I am currently working as an Applied Scientist at Amazon India. Prior to that, I was a Postdoctoral Researcher at Google Research India. I completed my PhD from the Department of Computer Science and Automation, Indian Institute of Science Bangalore under the guidance of Dr. Partha Pratim Talukdar. My thesis topic was on Knowledge Graph Embedding methods. Prior to that, I have been a master's student in the same department and worked under the guidance of Dr. Shivani Agarwal in the area of Machine Learning at the Machine Learning and Learning Theory Lab.
I am broadly interested in methods for Knowledge Graph (KG) creation and expansion and application of such background KGs for end tasks such as Question Answering and Document Classification. My current research focuses on improving KG completion methods and their application on densifying Open KGs extracted from a text corpus.
Working on Product Information Extraction.
Working on Language Models.
Worked on Search Query Recommendation.
Worked on Task Specific Knowledge Graph Construction.
Worked on conversation based searches on entertainment domain. It requires solving multiple sub-problems like named-entity recognition, user-intent detection etc. My work is focused on finding user intents and context management during conversation. I am also working on a template-based method which can be used for named-entity recognition and user-intent detection. It can also be used for generating suggestions as user types the query.
Coordinate Descent Algorithms form a class of simple optimization algorithms which has received attention of many researchers in last decade. There has been significant advancements in adapting these algorithms in parallel (multi-core) settings. In this project, we focused on studying parallel versions of Coordinate Descent Algorithms. We also implemented and conducted experiments with some of these algorithms.
Entity linking(EL) is a process of mapping textual mentions of named-entities in text to an entity in some knowledge base. EL is used in numerous areas of natural language processing to automate structured information retrieval from raw corpus. In this project, we focused on D2W (Disambiguation to Wikipedia) task, where we map textual mentions to corresponding Wikipedia pages. Specifically, we studied the effects of co-reference resolution (using Stanford CoreNLP) on the performance of Wikifier system for D2W task.
This project aims to develop a technique for estimating the probability of patients' mortality in the Indian intensive care units. We apply different machine learning techniques (specifically, linear and non-linear logistic regression) to this problem. We also propose a boosting-style approach for predicting patient mortality rates, which automatically builds a score-based system for Indian patient data.

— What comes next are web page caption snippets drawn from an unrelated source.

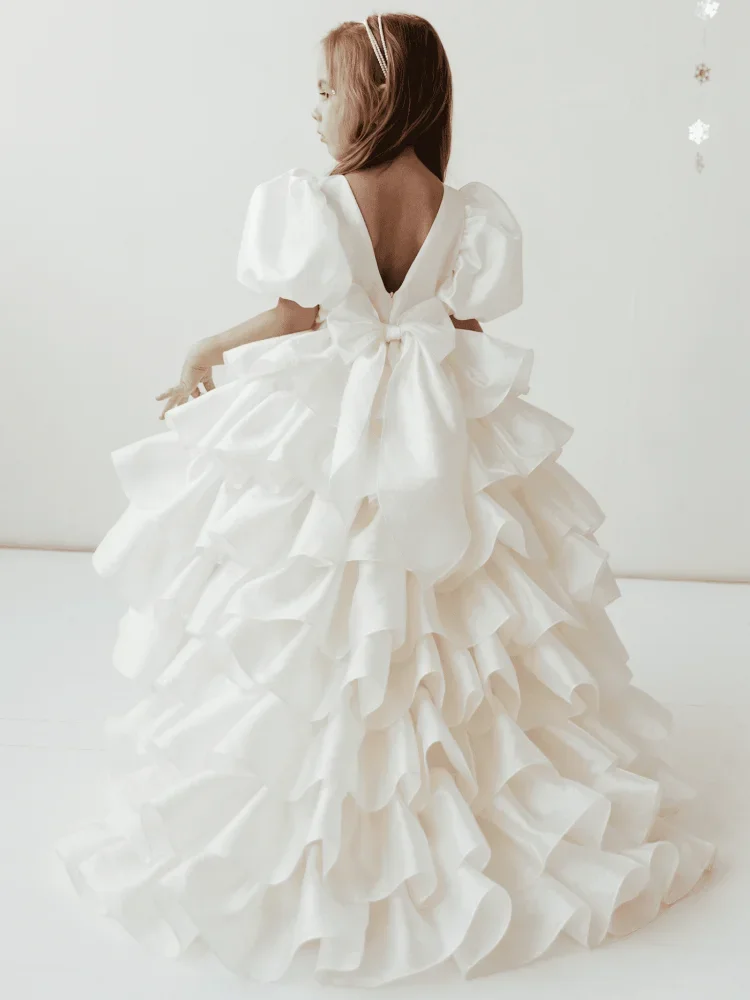 Robes de demoiselle d'honneur personnalisées à plusieurs niveaux avec nœud et queue, beige, manches courtes, mariage, fête d'anniversaire, sainte cène, quoi que ce soit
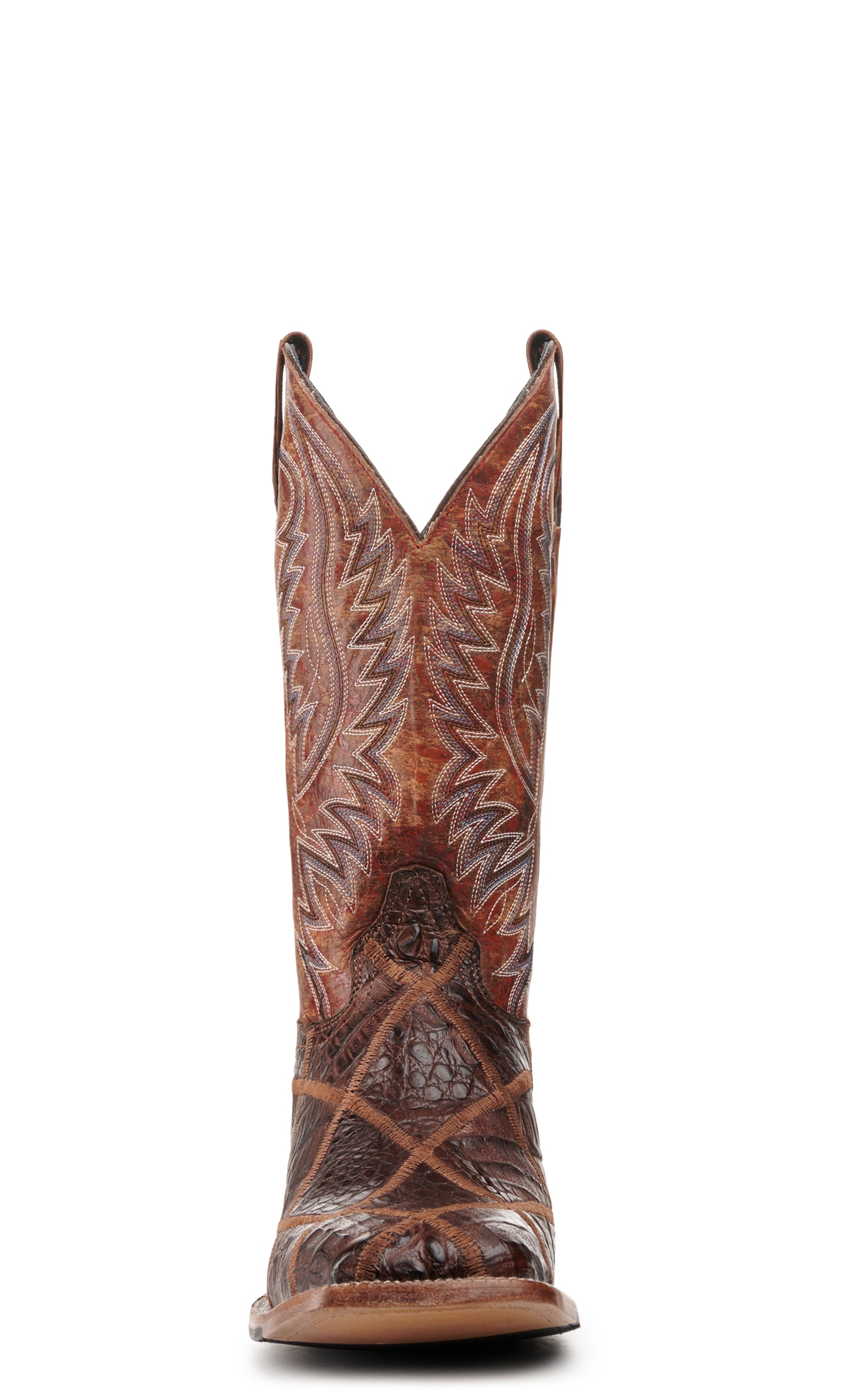 Cavender's Men's Rust and Cigar Caiman Patchwork Wide Square Toe Exotic Cowboy Boots - Image 1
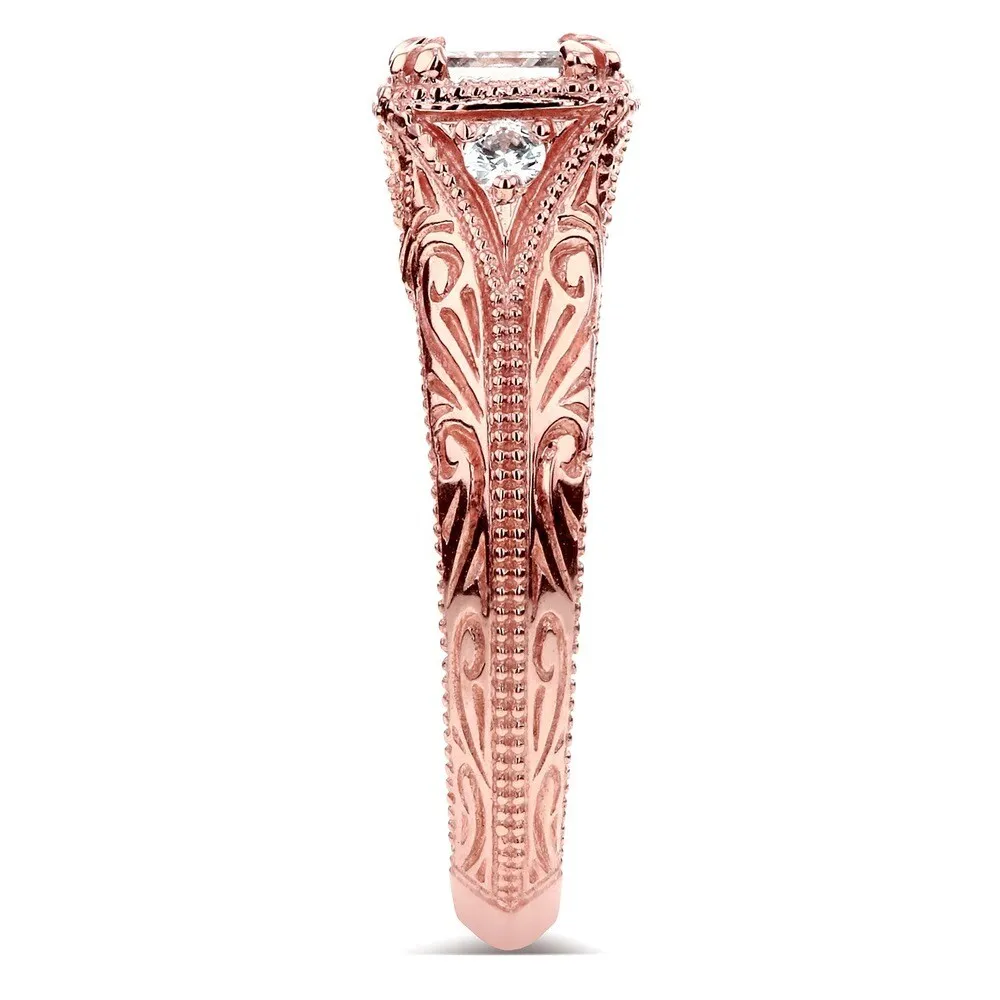 Annello by Kobelli 14k Rose Gold 5/8ct TDW Diamond Antique Filigree Engagement Ring sold by Zulily product image thumbnail 5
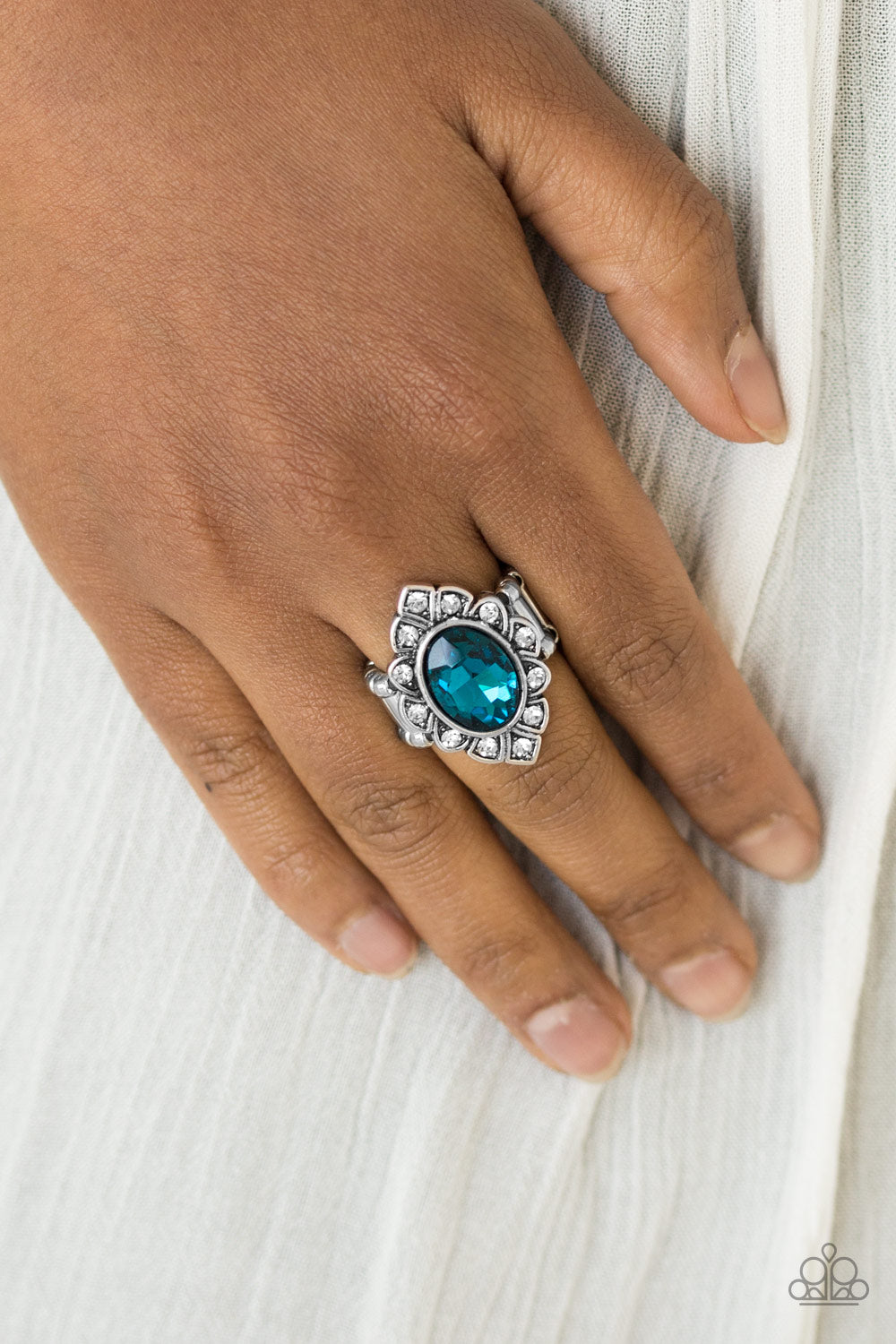 Paparazzi Accessories ✽ Power Behind The Throne - Blue Ring✽Flat Rate Ship $4.50✽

Null derefence is a common bug in programs. This project applies the abstract interpretation framework for the analysis of null dereferences in Java programs using Soot framework.
This project automates the question paper generation process for examinations. It covers the process of creation of questions database, selection of questions for exams meeting certain criteria and generation of encrypted paper and its decryption.
The aim of the project was to implement a basic viewer which can render tetrahedral meshes read from a file. It also supports rendering of individual meshes and group of meshes at different scaling levels.